This style of thought is now so antiquated that
it is hard to believe it ever prevailed. As a proof, however, that it is no
invention of ours, take two brief extracts from a distinguished bishop and
martyr of the third century, Cyprian of Carthage, which are samples of much of
the same kind to be found in the early Fathers of the church. The one quotation
proclaims the superior virtue of voluntary virginity in these terms: "Strait
and narrow is the way which leads to life, hard and arduous is the path (limes,
narrower still than the narrow way) which tends to glory. Along this path of
the way go the martyrs, go virgins, go all the just. For the first (degree of
fruitfulness), the hundred-fold, is that of the martyrs; the second, the
sixty-fold, is yours (ye virgins)."[16.9] The second extract, while ascribing,
like the first, superior merit to virginity, indicates the optional character
of that high-class virtue. Referring to the words of Christ, "There be eunuchs
which have made themselves eunuchs for the kingdom of heaven's sake," Cyprian
says: "This the Lord commands not, but exhorts; He imposes not the yoke of
necessity, that the free choice of the will might remain. But whereas he says
(John xiv. 2), that there are many mansions with His Father, He here points out
the lodging quarters of the better mansion (melioris habitaculi hospitia). Seek
ye, O virgins, those better mansions. Crucifying (castrantes) the desires of
the flesh, obtain for yourselves the reward of greater grace in the celestial
abodes."[16.10]
Similar views were entertained in those early
ages respecting the meaning of Christ's words to the young man. The inevitable
results of such interpretations in due course were monastic institutions and
the celibacy of the clergy. The direct connection between an ascetic
interpretation of the counsel given by Jesus to the rich youth who inquired
after eternal life, and the rise of monasticism, is apparent in the history of
Antony, the father of the monastic system. It is related of him, that going
into the church on one occasion when the Gospel concerning the rich young man
was read before the assembly, he, then also young, took the words as addressed
by Heaven to himself. Going out of the church, he forthwith proceeded to
distribute to the inhabitants of his native village his large, fertile, and
beautiful landed estates which he inherited from his fathers, reserving only a
small portion of his property for the benefit of his sister. Not long after he
gave away that also, and placed his sister to be educated with a society of
pious virgins, and settling down near his paternal mansion, began a life of
rigid asceticism.[16.11]
The ascetic theory of Christian virtue, which so
soon began to prevail in the church, has been fully tested by time, and proved
to be a huge and mischievous mistake. The verdict of history is conclusive, and
to return to an exploded error, as some seem disposed to do, is utter folly. At
this time of day, the views of those who would find the beau-ideal of Christian
life in a monk's cell appear hardly worthy of serious refutation. It may,
however, be useful briefly to indicate the leading errors of the monkish theory
of morals; all the more that, in doing this, we shall at the same time be
explaining the true meaning of our Lord's words to His disciples.

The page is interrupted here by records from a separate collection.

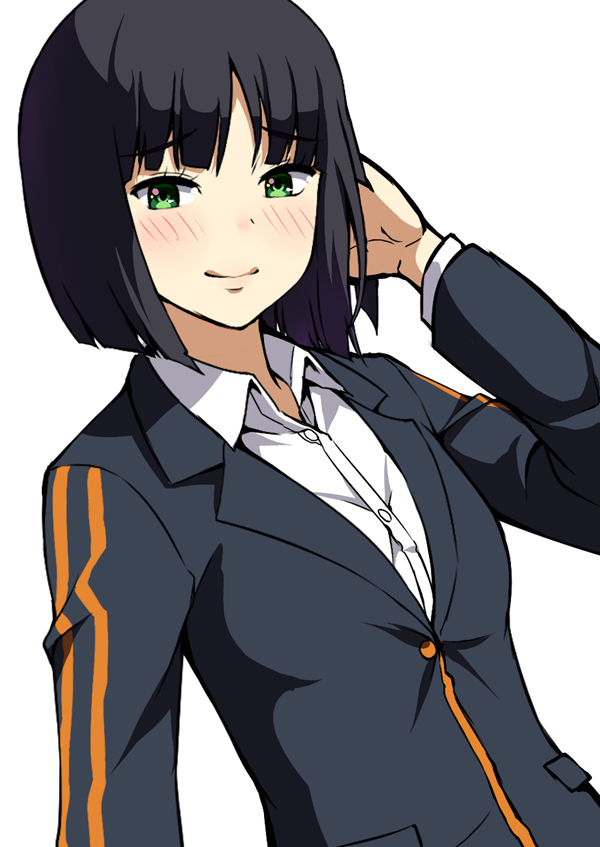 1girl, black_hair, blush, dress_shirt, green_eyes, huyumitsu, kon_yuka, shirt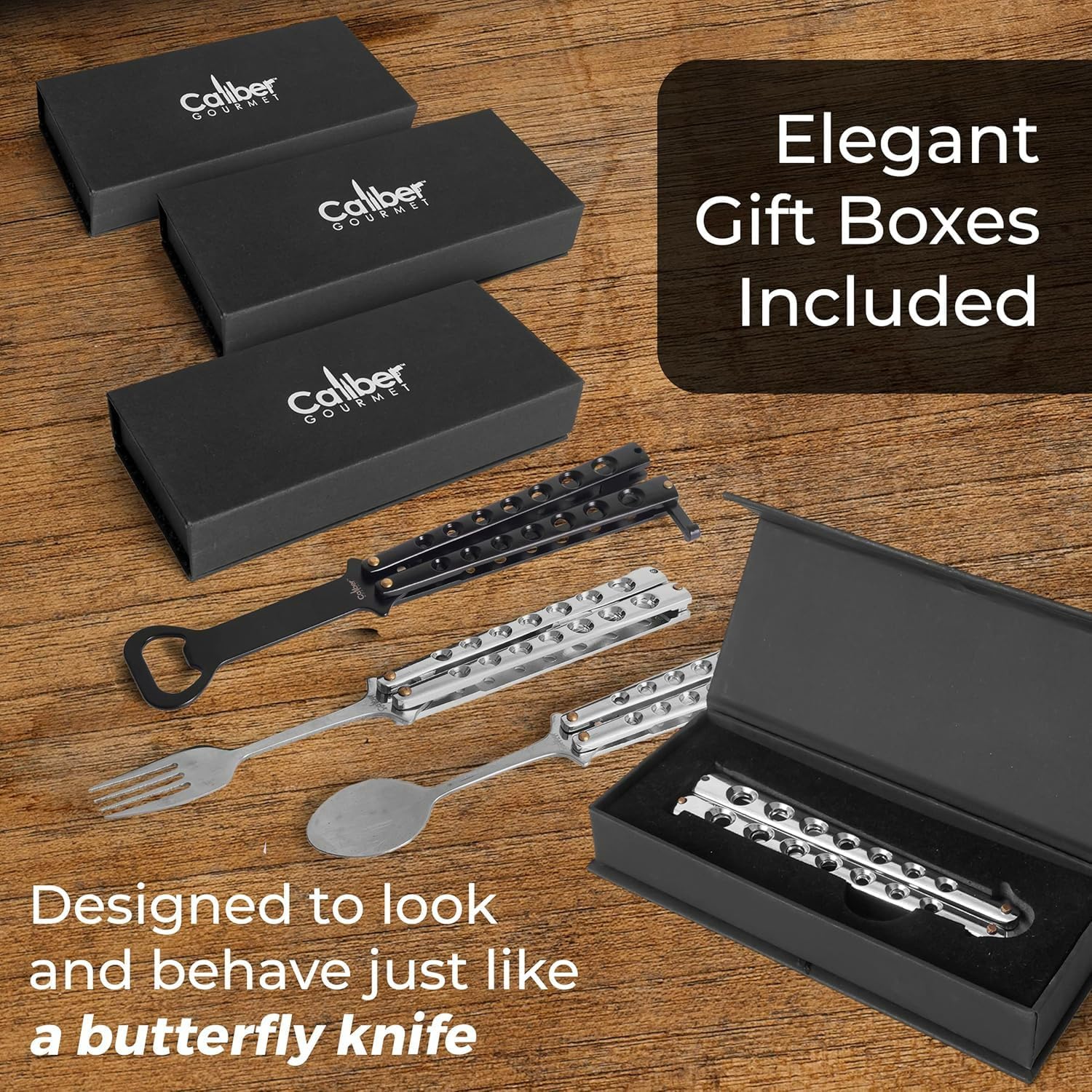Tactical Butterfly Balisong Knife Style Fork, Spoon & Bottle Opener Combo Pack. Folding Stainless Steel. Switchblade Knife, Camping, Hiking, Kitchen BBQ Grill Picnic, Christmas Gift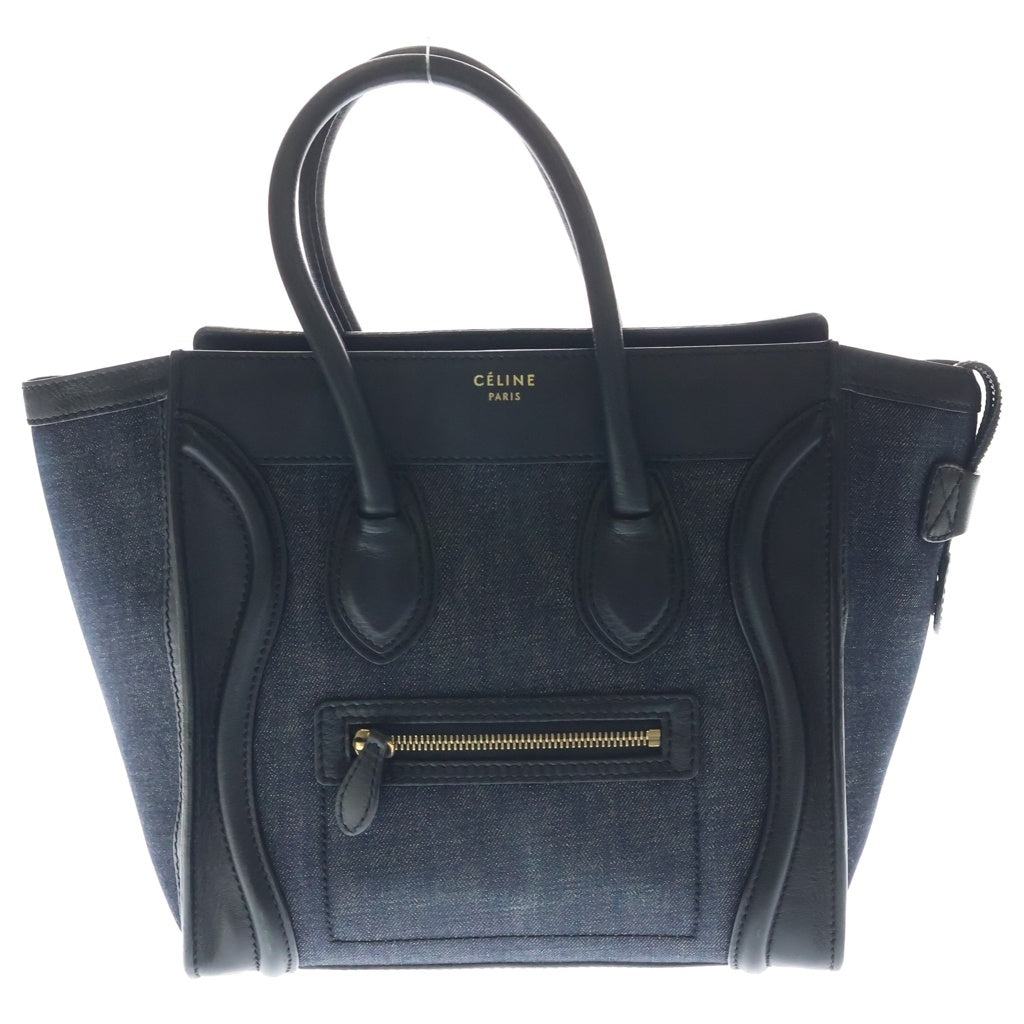 CELINE(セリーヌ) ラゲージ トートバック マイクロ ショッパー デニム レザー ブラック レディース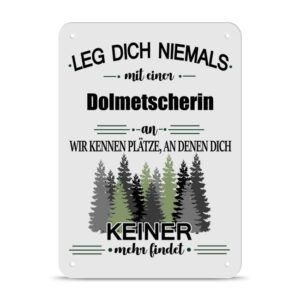 Originelles und lustiges Berufe-Blechschild für die coolste Dolmetscherin. Das perfekte Geschenk für Kolleginnen und Freunde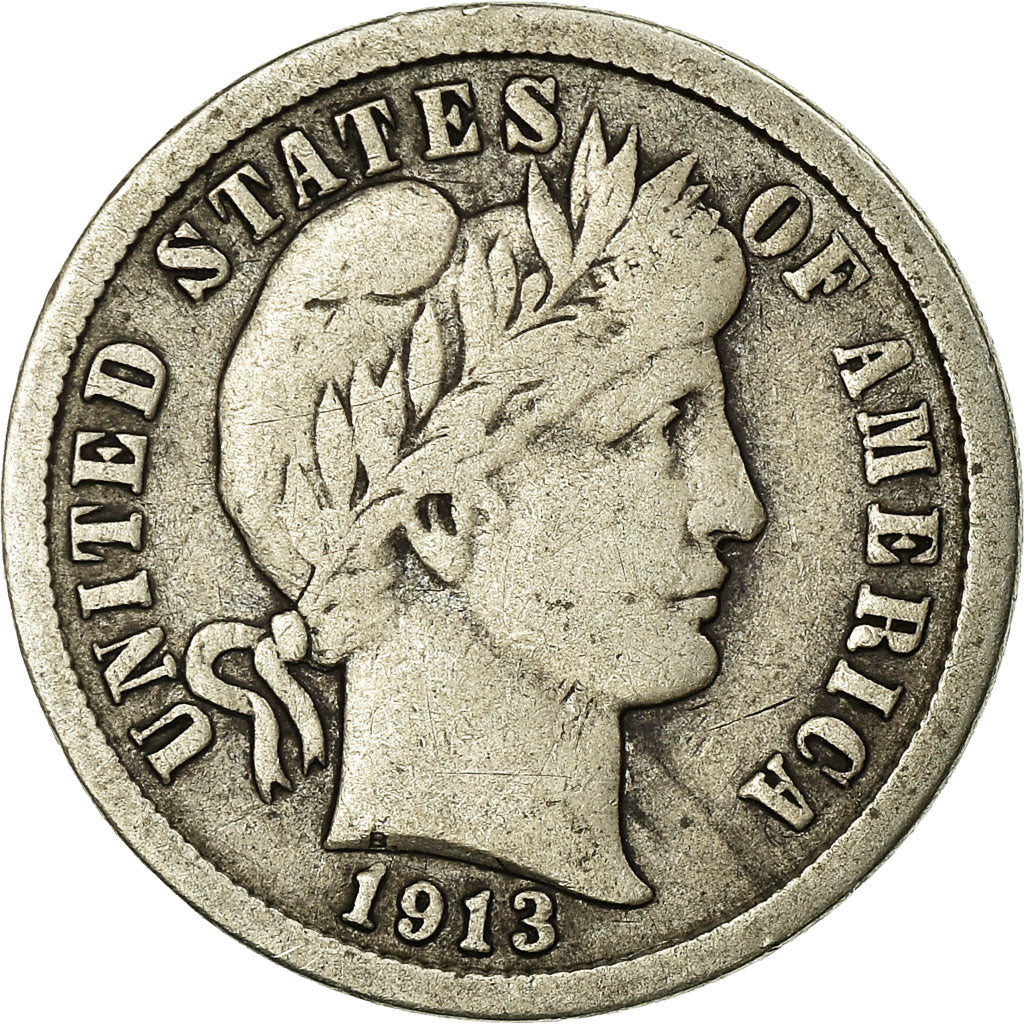 Coin, United States, Barber Dime, Dime, 1913, U.S. Mint, Philadelphia
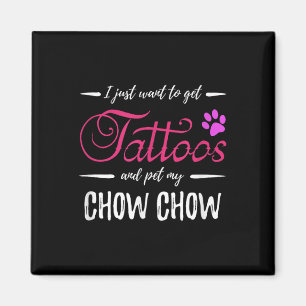 Imán Chow Chow Perro Lover Tattoo Shirt Divertido Perro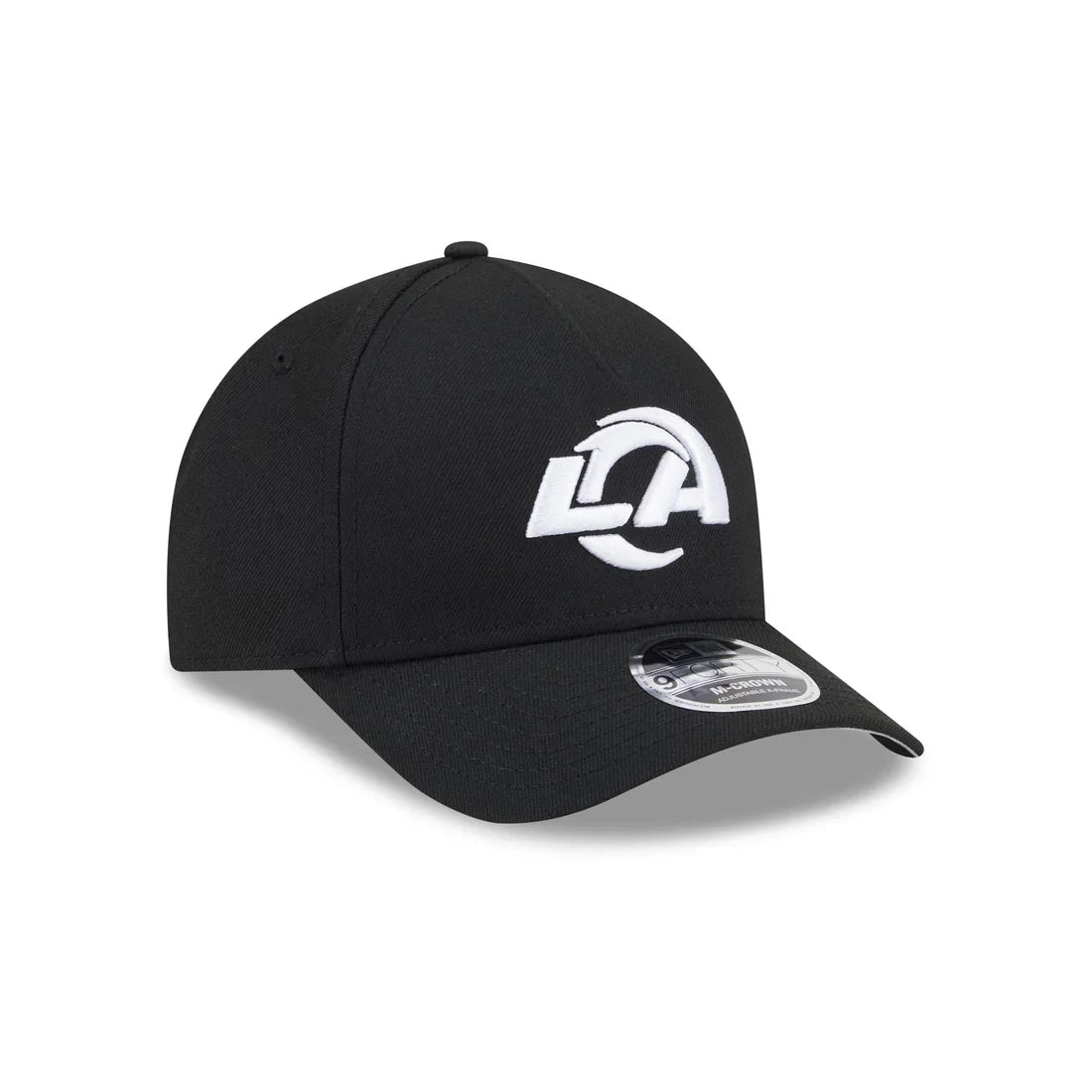 New Era Los Angeles Rams M-Crown A-FRAME 9FORTY Adjustable Hat-Black/White product image 1, provided for visual reference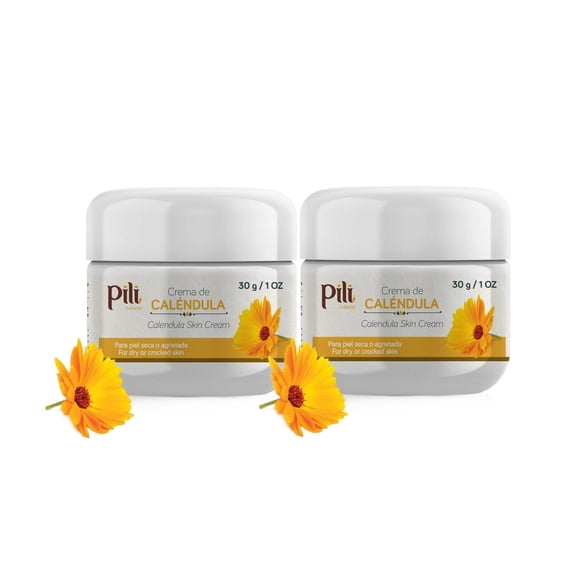 Pili Natural Calendula Cream (2 Pack) - Moisturizing Cream for Rough, Dry, or Chapped Skin - Crema de Calendula (1 oz/Unit)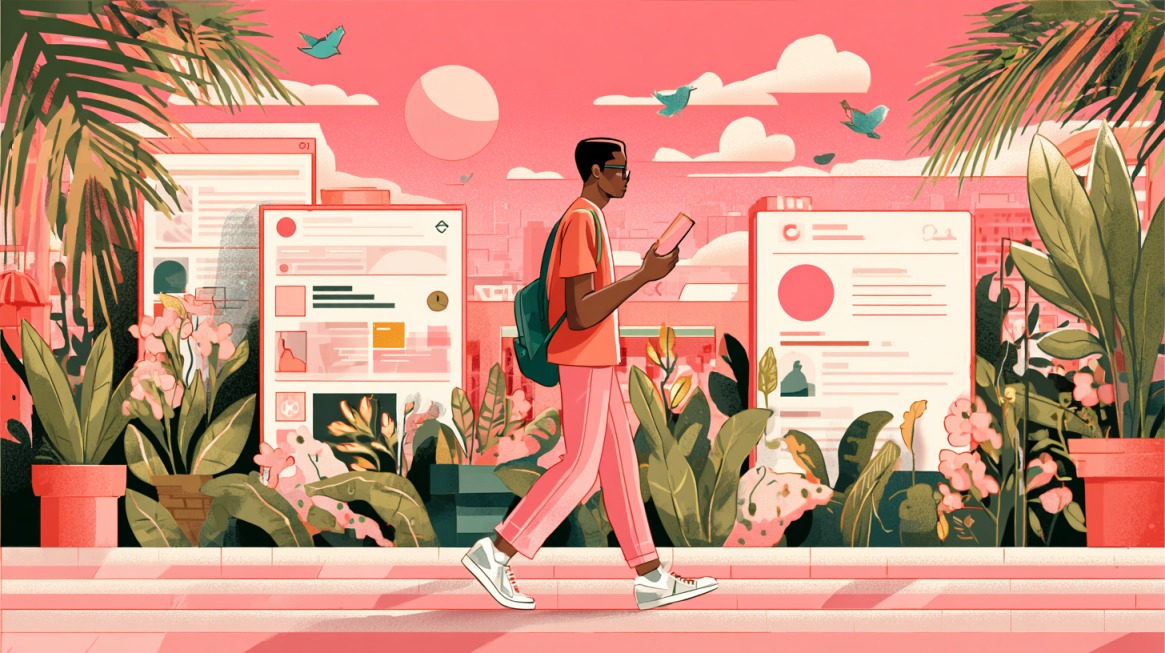 Illustration of a man with a backpack looking at his phone while walking past large website panels and plants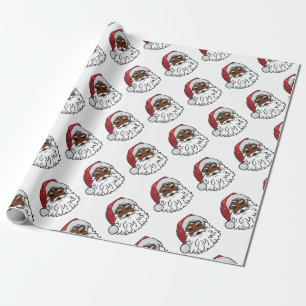 Papier Cadeau santa claus noir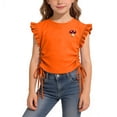 thumbnail image 5 of Hrsba Girls T Shirt Solid Color Short Sleeve Ruffle Crew Neck Top With Drawstring For Girls Casual Summer Soft Lightweight Cute Fashion Top, 5 of 6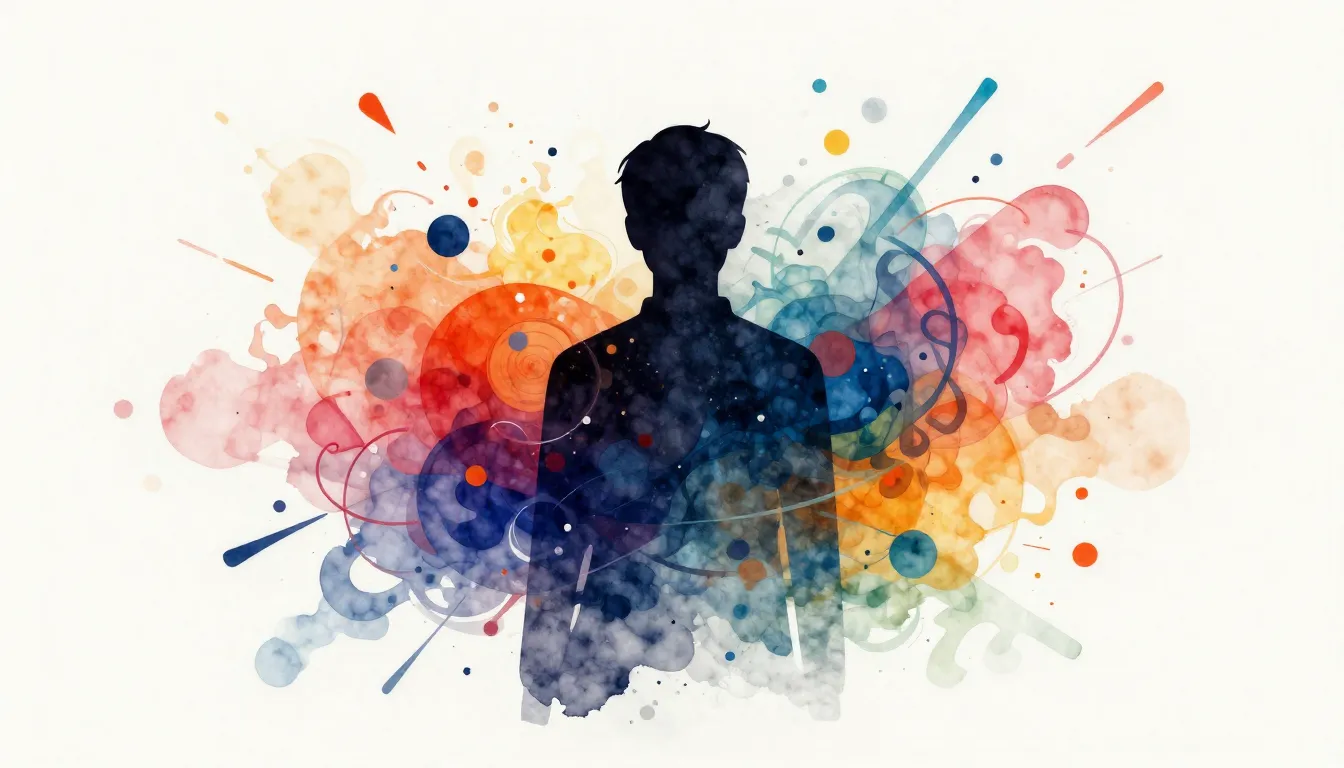 Watercolor style. Abstract silhouette of a person surrounded...
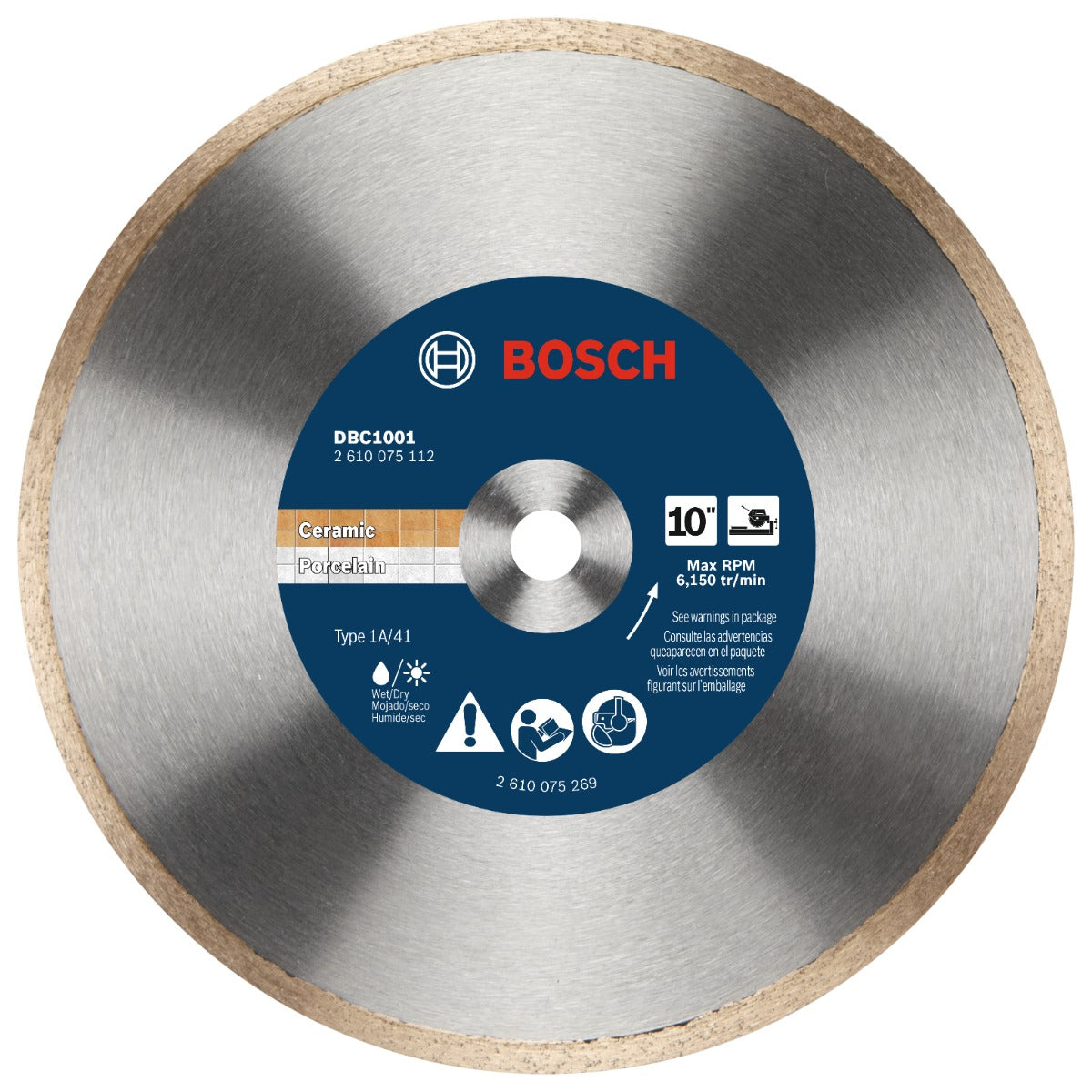 Bosch 10" Continuous Rim Diamond Wheel for Precise Cuts DBC1001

This theory, then, is in the first place based on
an erroneous assumption--viz., that abstinence from things lawful is
intrinsically a higher sort of virtue than temperance in the use of them. This
is not true. Abstinence is the virtue of the weak, temperance is the virtue of
the strong. Abstinence is certainly the safer way for those who are prone to
inordinate affection, but it purchases safety at the expense of moral culture;
for it removes us from those temptations connected with family relationships
and earthly possessions, through which character, while it may be imperilled,
is at the same time developed and strengthened. Abstinence is also inferior to
temperance in healthiness of tone. It tends inevitably to morbidity,
distortion, exaggeration. The ascetic virtues were wont to be called by their
admirers angelic. They are certainly angelic in the negative sense of being
unnatural and inhuman. Ascetic abstinence is the ghost or disembodied spirit of
morality, while temperance is its soul, embodied in a genuine human life
transacted amid earthly relations, occupations, and enjoyments. Abstinence is
even inferior to temperance in respect to what seems its strong
point--self-sacrifice. There is something morally sublime, doubtless, in the
spectacle of a man of wealth, birth, high office, and happy domestic condition,
leaving rank, riches, office, wife, children, behind, and going away to the
deserts of Sinai and Egypt to spend his days as a monk or anchoret.[16.12] The
stern resolution, the absolute mastery of the will over the natural affections,
exhibited in such conduct, is very imposing. Yet how poor, after all, is such a
character compared with Abraham, the father of the faithful, and model of
temperance and singleness of mind; who could use the world, of which he had a
large portion, without abusing it; who kept his wealth and state, and yet never
became their slave, and was ready at God's command to part with his friends and
his native land, and even with an only son! So to live, serving ourselves heir
to all things, yet maintaining unimpaired our spiritual freedom; enjoying life,
yet ready at the call of duty to sacrifice life's dearest enjoyments: this is
true Christian virtue, the higher Christian life for those who would be
perfect. Let us have many Abrahams so living among our men of wealth, and there
is no fear of the church going back to the Middle Ages. Only when the rich, as
a class, are luxurious, vain, selfish, and proud, is there a danger of the
tenet gaining credence among the serious, that there is no possibility of
living a truly Christian life except by parting with property altogether.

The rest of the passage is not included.